Kyle,
Thanks, that made a world of difference. Luckily, my co-workers like to
hang on to old email, so I have a reasonably large selection of both
spam and ham. My first pass, just to make sure everything worked, well,
worked. This is what dspam_stats is giving me.
TP: 368 TN: 91 FP: 14 FN: 0 SC: 0 NC: 0
SHR: 100.00% HSR: 13.33% OCA: 97.04%
I just fed dspam_train around 10GB of mail, both spam and ham, so we'll
see what happens.
-Chris
Kyle Johnson wrote:
Hello Chris,
You should be using the dspam_train program for training. What you
were doing, using dspam with --class (though you would also need
--source), is used for retraining (correcting an error).

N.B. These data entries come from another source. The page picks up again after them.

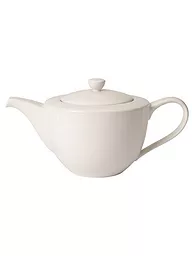 VILLEROY & BOCH | Théière 1,30l "For Me" | Blanc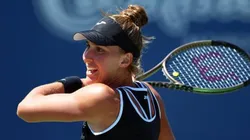 Bia caiu nas quartas de Portoroz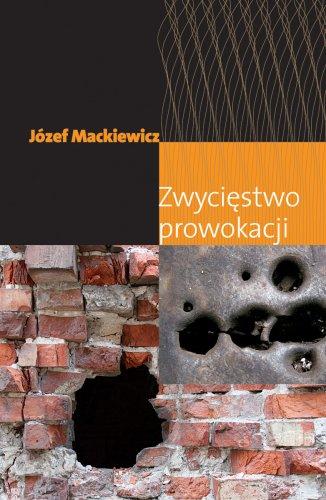 Cover of Zwycie̜stwo prowokacji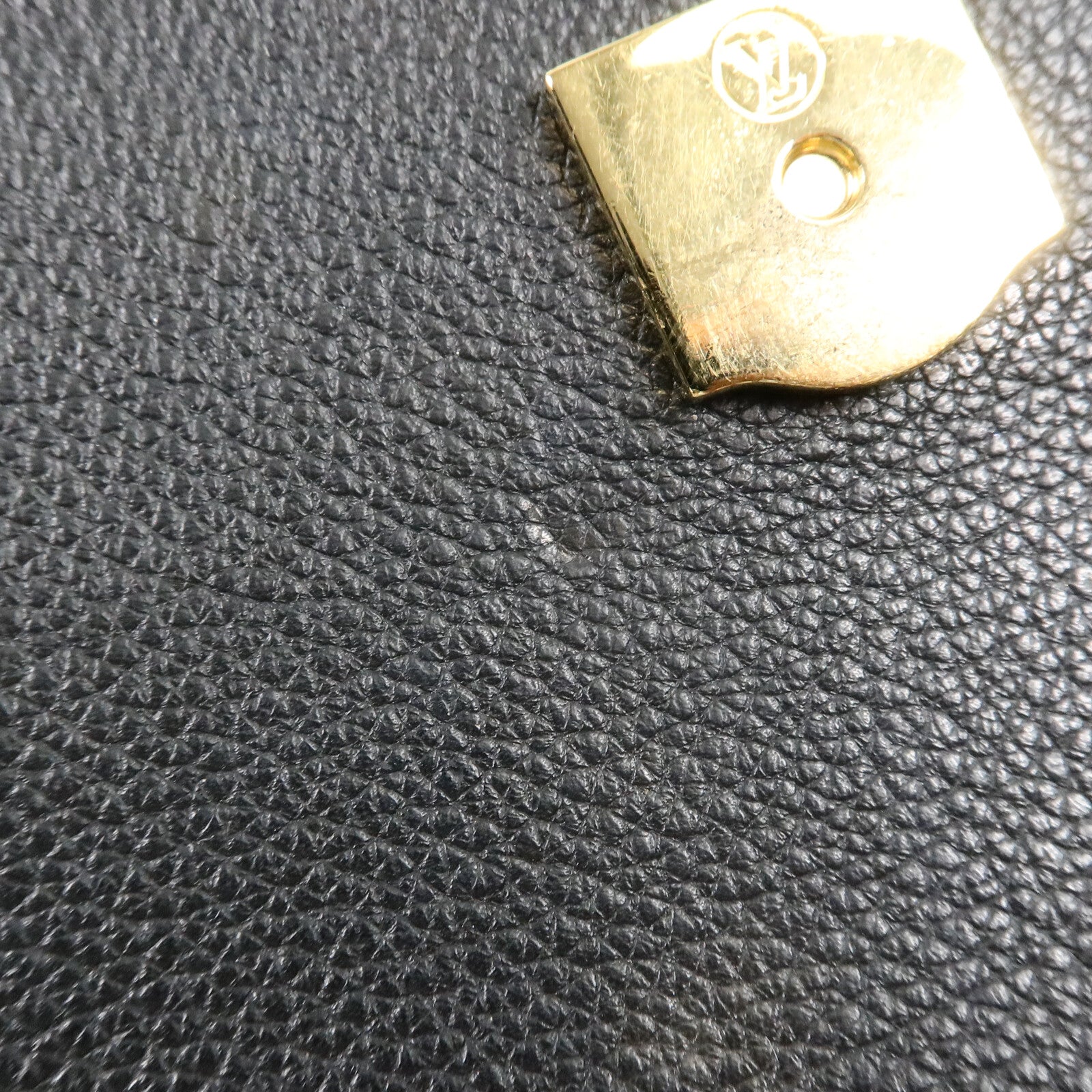 LOUIS VUITTON Monogram Vanguard手挽肩背兩用袋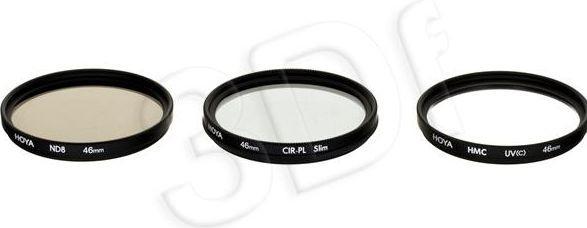 Actual product image Hoya Digital Filter Kit II (72 mm, Neutral density filter, Polarizing filter, UV filter, 72 mm)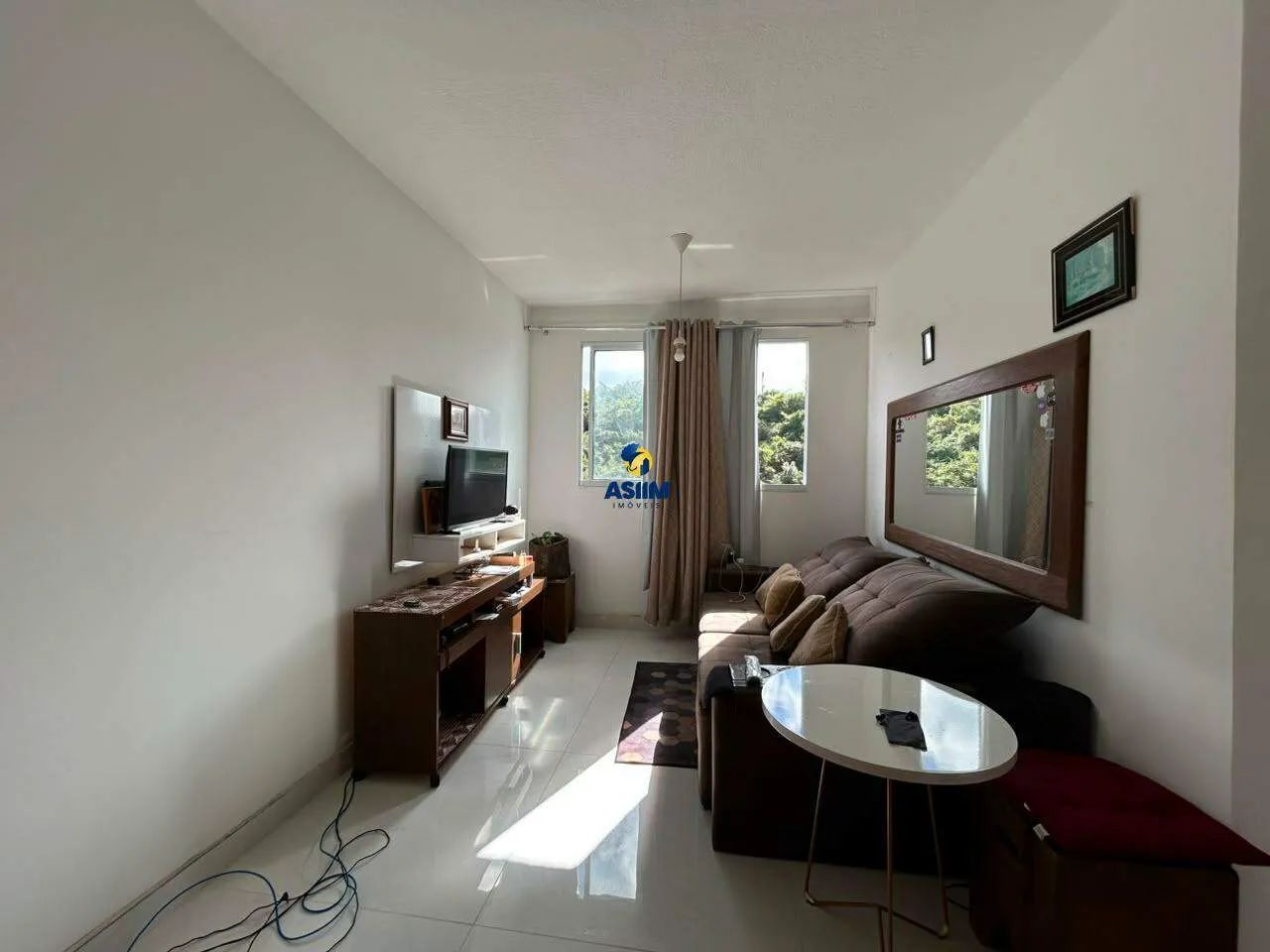 APARTAMENTO MOBILIADO 2 QUARTOS NO BAIRRO CABRAL  CONTAGEM - Foto 5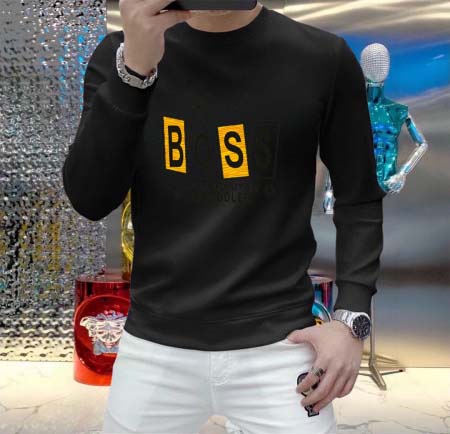 2025年4月2日入荷新作BOSSメンズ トレーナーM-5XL/zhan工場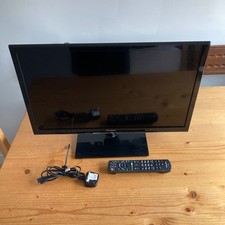 Panasonic TX-L24X6B - 24" HD LED TV - Fully working - Remote control included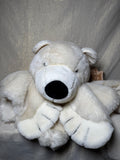 Jellycat Perry Polar Bear Play Mat | BNWOT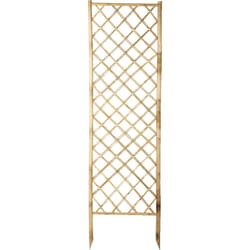 Nortene - Treillis en bambou 0,50 x 170 bamboo panel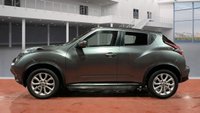USED 2017 67 NISSAN JUKE 1.5 dCi Tekna SUV 5dr Diesel Manual Euro 6 (s/s) (110 ps) 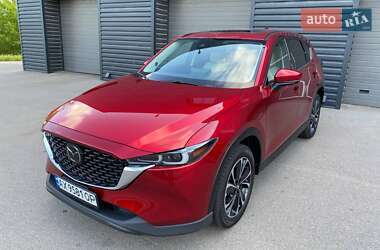 Внедорожник / Кроссовер Mazda CX-5 2021 в 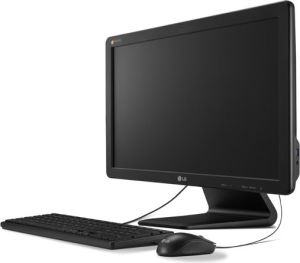 Komputer LG Celeron 2955U, 2 GB, Chrome OS 3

You need to pass a username, a path to spam, and a path to ham (both
of which are in maildir format), to dspam_train:
dspam_train username /path/to/spam /path/to/ham
You can also use an index file, which tells dspam_train where to find
the spam and ham files.
If you have a mbox, there are a number of programs on the web which
will convert your mail into maildir format.

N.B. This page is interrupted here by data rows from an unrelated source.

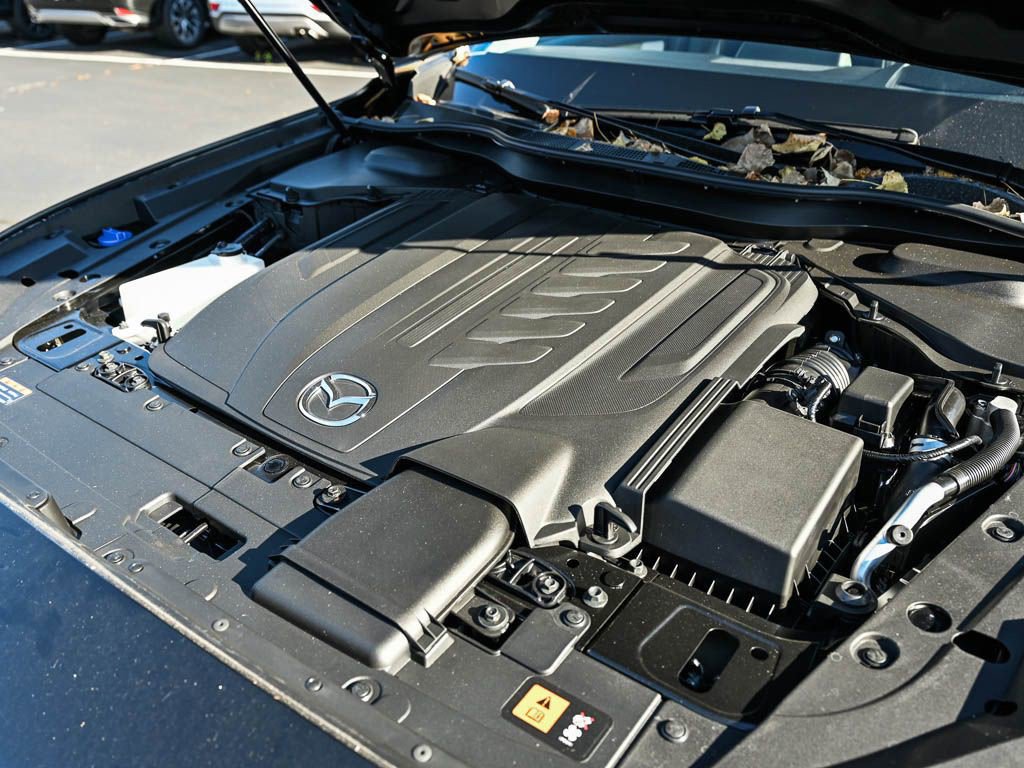 New 2026 MAZDA CX-90 3.3 Turbo S w/ Premium Plus image 6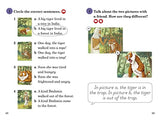 Ladybird Readers Level 3 - Tales from India - The Tiger, The Brahmin and the Jackal (ELT Graded Reader)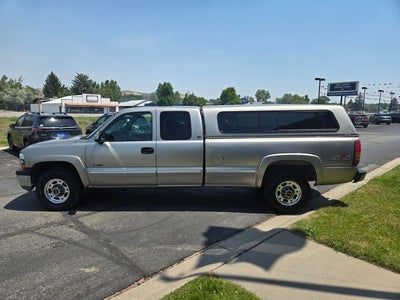 2000 Chevrolet Silverado 2500 LS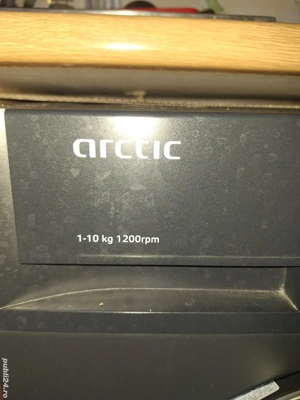 masina de spalat automata Arctic 10kg - imagine 5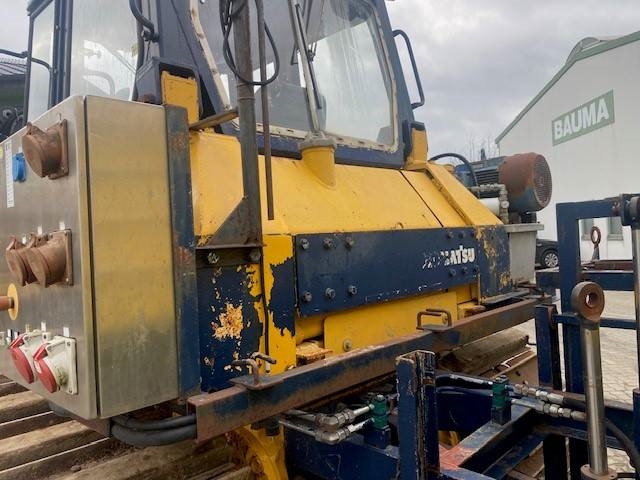 Komatsu D 58 P-1 MIETE / RENTAL (12005516)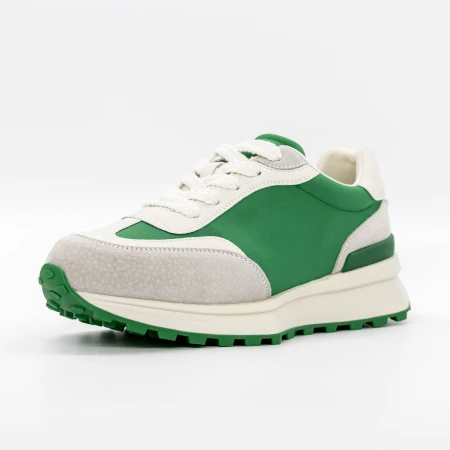 Pantofi Sport Dama 6971-2 Verde » MeiMei.Ro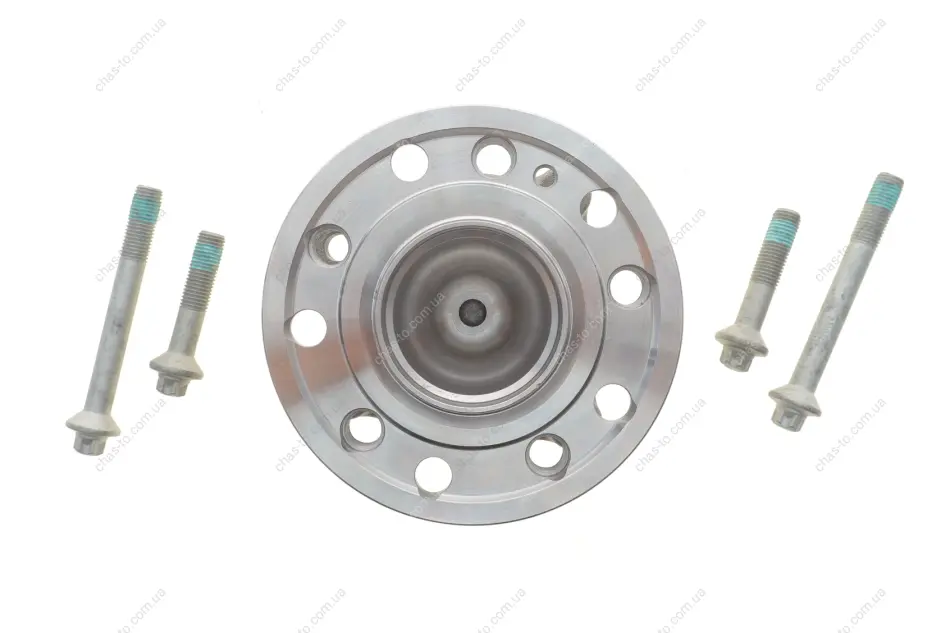 Маточина колеса в зборі SKF VKBA 7220 (фото 1)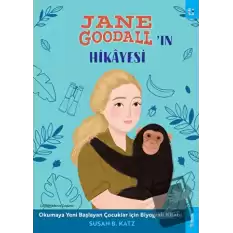 Jane Goodallın Hikayesi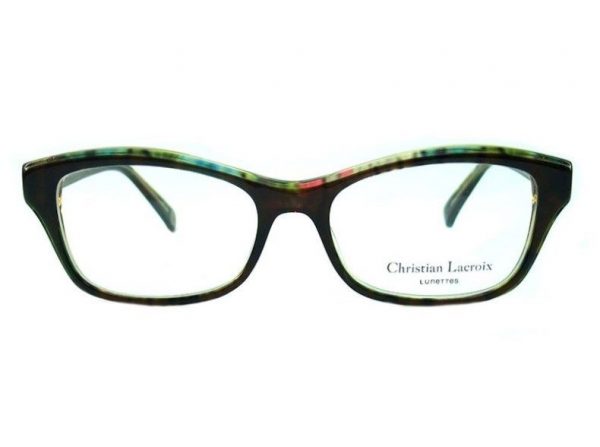 Очки кошачий глаз Christian Lacroix 1049 198 Terre de sienne - изображение 2
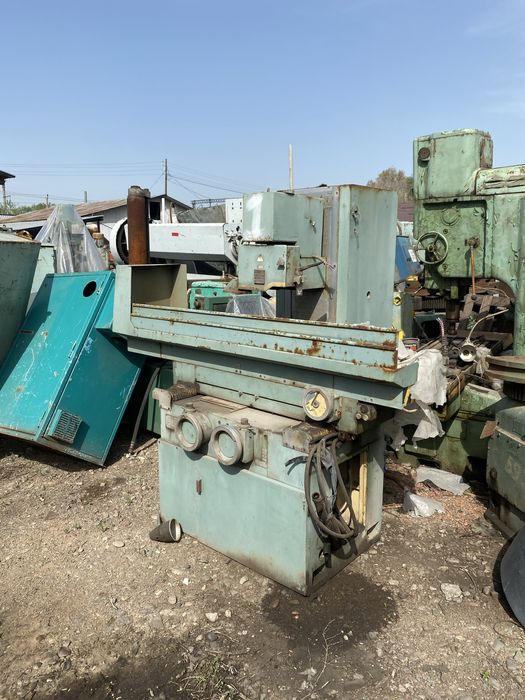 Станки по металло обработке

But remember that you need to train spam and ham. If you train only
one, you will probably mess up accuracy.
Hope this helps,
-Kyle
On Tue, Nov 4, 2008 at 2:02 PM, Chris Baldwin
<[EMAIL PROTECTED] <mailto:[EMAIL PROTECTED]>> wrote:
Hi,
I'm having some trouble training DSPAM. I am using an mbox that I
dumped a fair amount of spam into, and then I'm running this command:
formail -s dspam --client --user my.username --class=spam
--source=corpus --mode=teft < Spam.train &
However, when I look at the results, all the spam is tagged as
Innocent:
15347: [11/04/2008 13:56:14] libdspam returned probability of 0.000000
15347: [11/04/2008 13:56:14] message result: NOT SPAM
15347: [11/04/2008 13:56:14] appending header X-DSPAM-Result: Innocent
Am I missing something here?
To make things more confusing form my end, dspam_stats tells me
that every single piece of mail that I've fed dspam is a True
Negative. The problem is that I've also fed it a few hundred ham
messages, using the same syntax as above (w/ --class=innocent),
and getting a similar result as above.
Here's the configure, just so you know how it's set up:
./configure --enable-daemon --enable-syslog
--enable-long-usernames --with-storage-driver=hash_drv
--with-delivery-agent=procmail --enable-verbose-debug
I'd appreciate any ideas or suggestions on what to do at this point.
-Chris Baldwin
!DSPAM:1011,4910b233150921932574660!